***** SUPPLIED MATERIAL
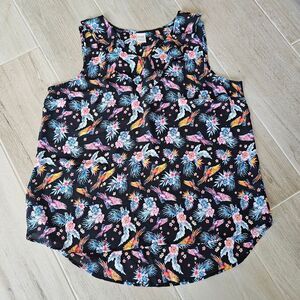 Terra & Sky Black Floral Sleeveless Blouse, Sz 1X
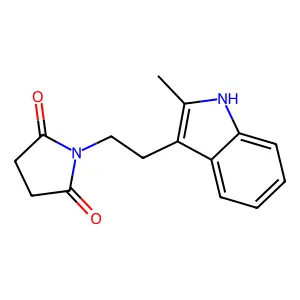 1-[2-(2-methyl-1H-indol-3-yl)ethyl]pyrrolidine-2,5-dione structure
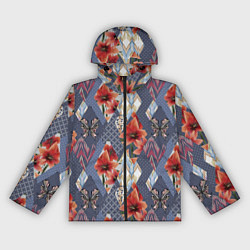 Ветровка с капюшоном женская Оранжево-серый пэчворк, цвет: 3D-черный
**********
§ **WORK REQUIRED**
The output has to match the data above line for line, except that pictures are dropped.

§ **SOLUTION**
 Terra & Sky Black Floral Sleeveless Blouse, Sz 1X
 1-[2-(2-methyl-1H-indol-3-yl)ethyl]pyrrolidine-2,5-dione structure
 Ветровка с капюшоном женская Оранжево-серый пэчворк, цвет: 3D-черный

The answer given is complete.